**** Working data ****
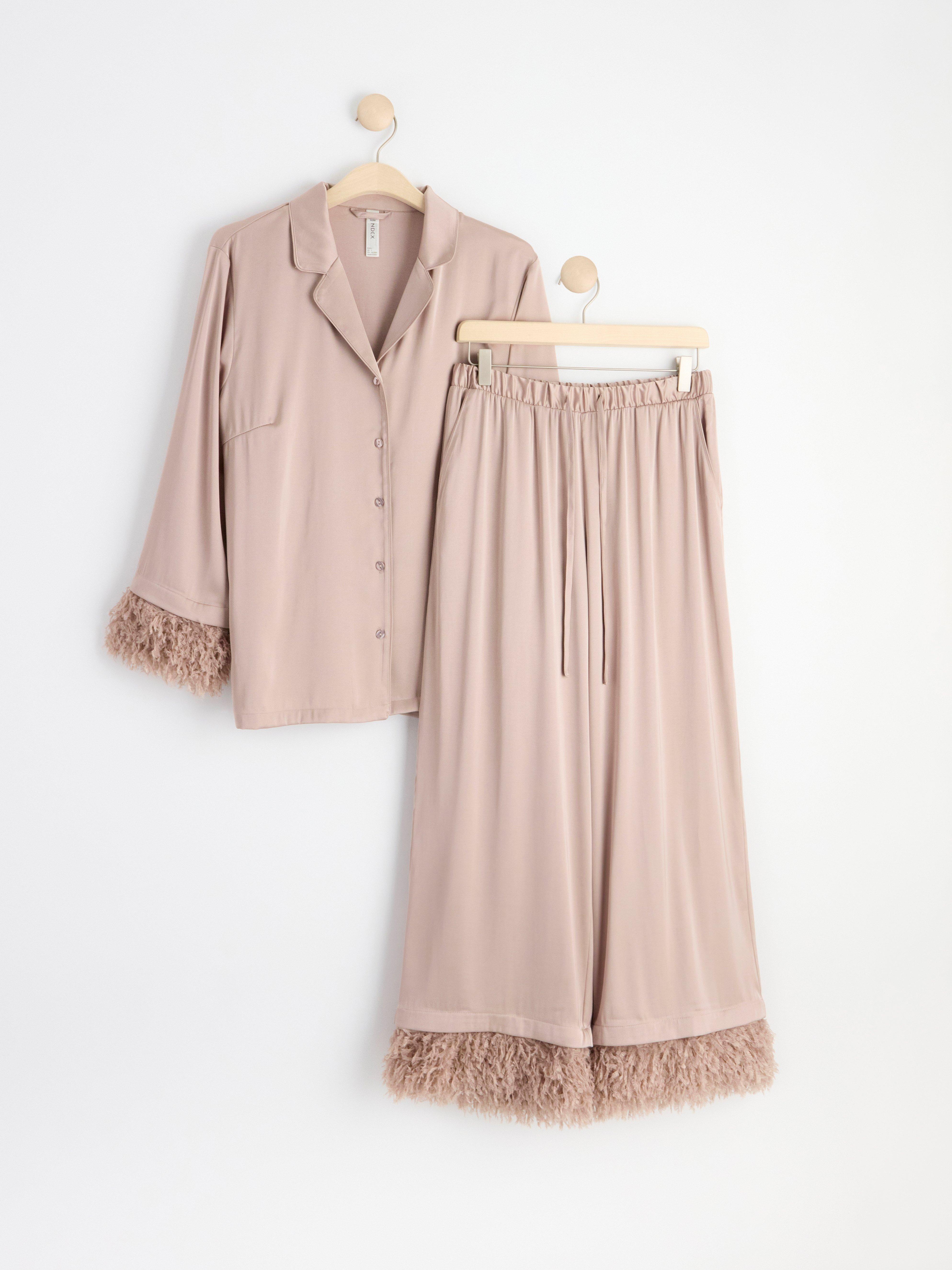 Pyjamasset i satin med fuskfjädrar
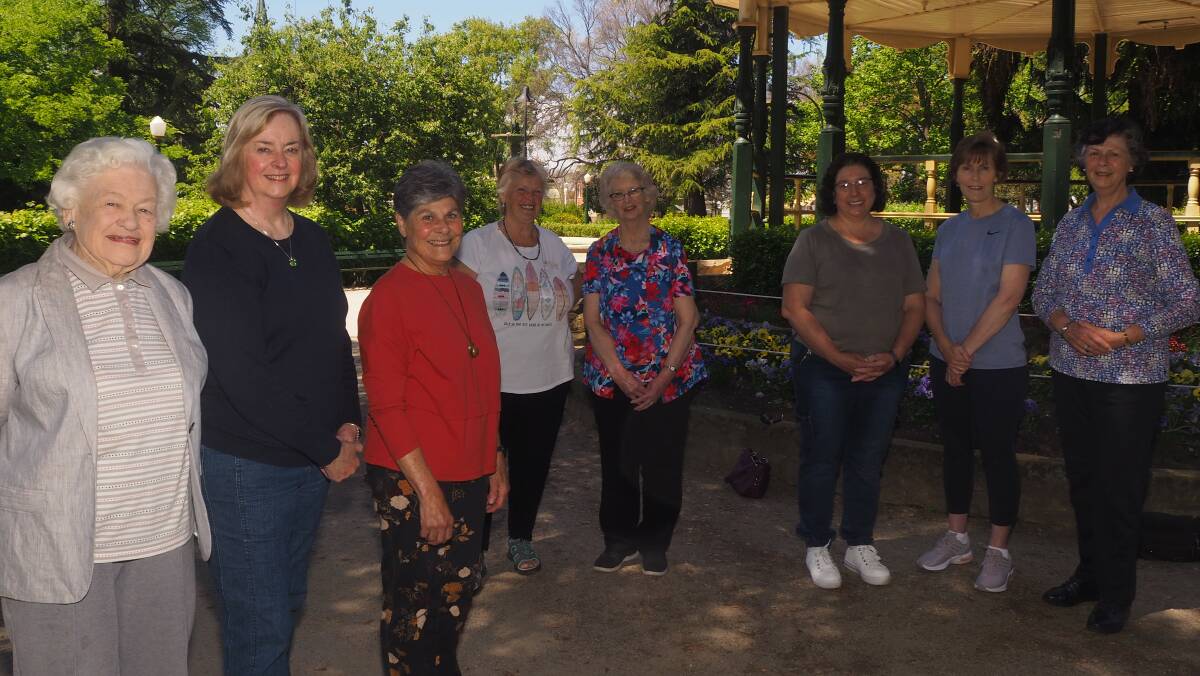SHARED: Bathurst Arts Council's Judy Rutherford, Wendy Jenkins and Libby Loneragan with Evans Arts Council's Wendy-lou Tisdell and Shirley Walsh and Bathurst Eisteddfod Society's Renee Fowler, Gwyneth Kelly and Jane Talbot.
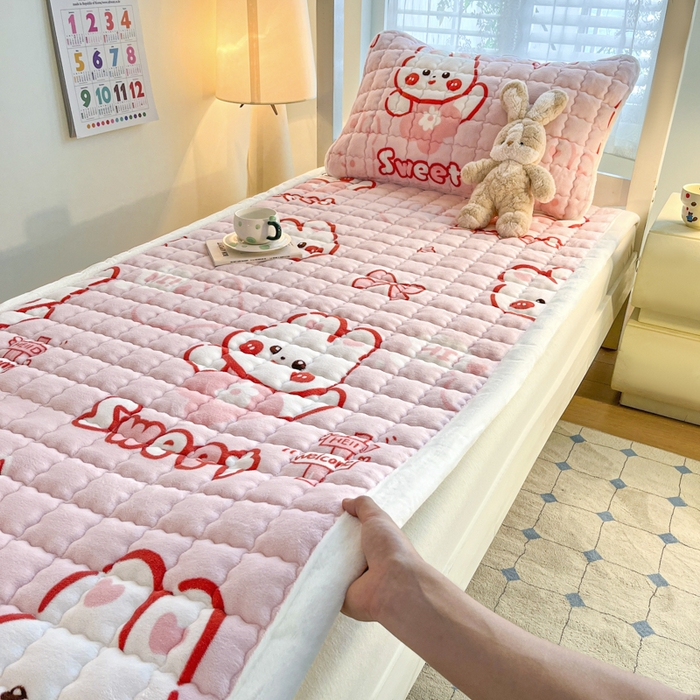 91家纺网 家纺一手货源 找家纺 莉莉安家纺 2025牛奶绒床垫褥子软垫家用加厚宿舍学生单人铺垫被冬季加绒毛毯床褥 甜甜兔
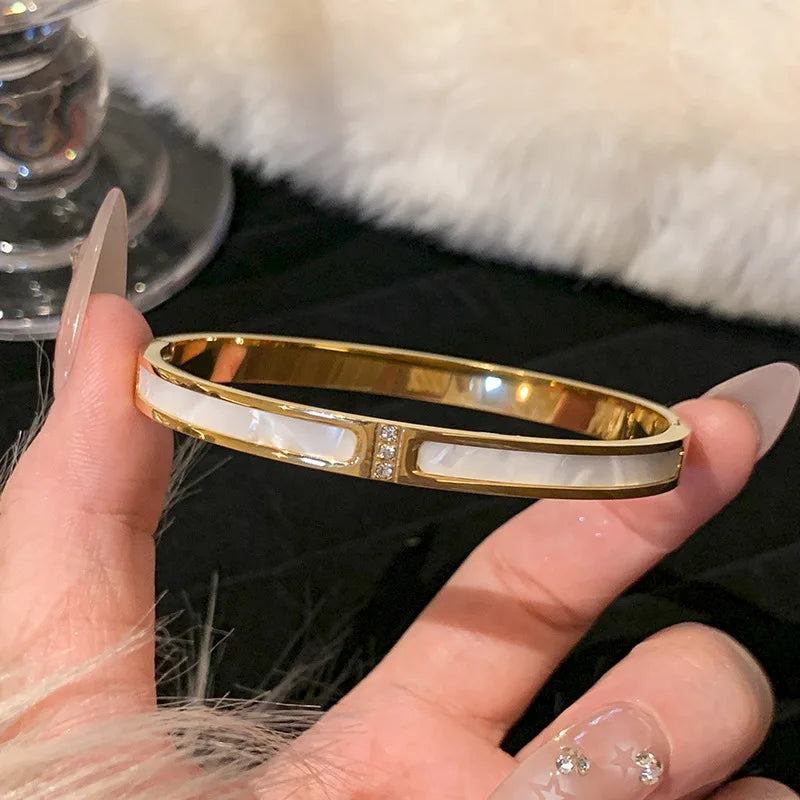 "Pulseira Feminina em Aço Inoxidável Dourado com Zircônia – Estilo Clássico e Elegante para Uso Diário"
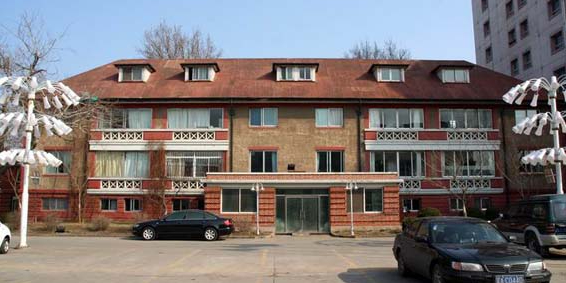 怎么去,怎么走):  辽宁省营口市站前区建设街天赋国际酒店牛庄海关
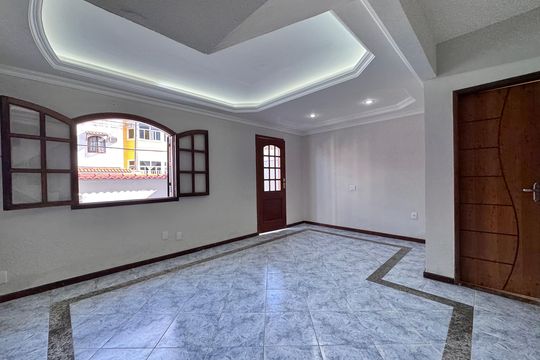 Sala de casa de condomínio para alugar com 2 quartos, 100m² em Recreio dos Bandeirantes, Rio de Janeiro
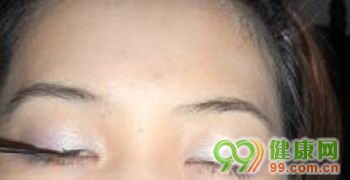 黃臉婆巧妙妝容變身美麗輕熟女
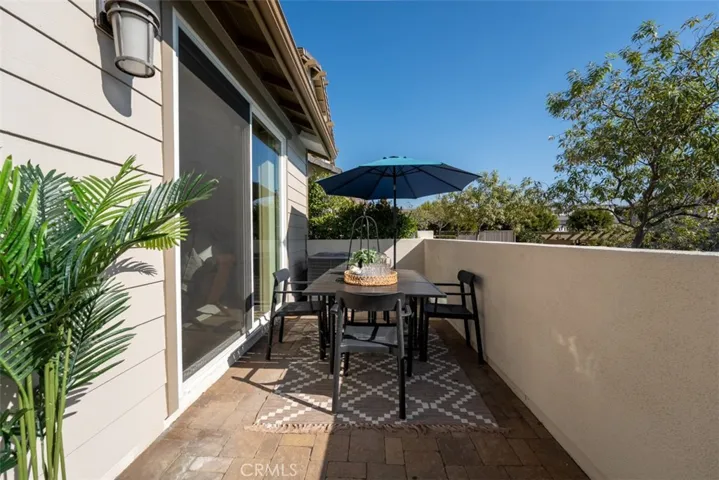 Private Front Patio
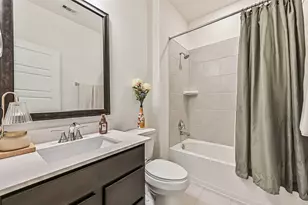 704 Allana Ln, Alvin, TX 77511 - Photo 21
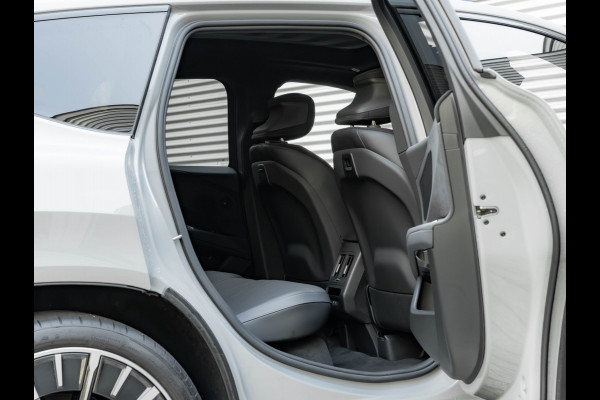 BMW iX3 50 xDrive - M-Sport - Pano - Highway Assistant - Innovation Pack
****
--- Aim of the task ---
Output, exactly and with no pictures, every line from the one that contains "91家纺网 家纺一手货源 找家纺" through the final line of the entries.

--- Completed task ---
 91家纺网 家纺一手货源 找家纺 莉莉安家纺 2025牛奶绒床垫褥子软垫家用加厚宿舍学生单人铺垫被冬季加绒毛毯床褥 甜甜兔
 "Pulseira Feminina em Aço Inoxidável Dourado com Zircônia – Estilo Clássico e Elegante para Uso Diário"
 怎么去,怎么走):  辽宁省营口市站前区建设街天赋国际酒店牛庄海关
 Sala de casa de condomínio para alugar com 2 quartos, 100m² em Recreio dos Bandeirantes, Rio de Janeiro
 黃臉婆巧妙妝容變身美麗輕熟女
 Private Front Patio
 704 Allana Ln, Alvin, TX 77511 - Photo 21
 BMW iX3 50 xDrive - M-Sport - Pano - Highway Assistant - Innovation Pack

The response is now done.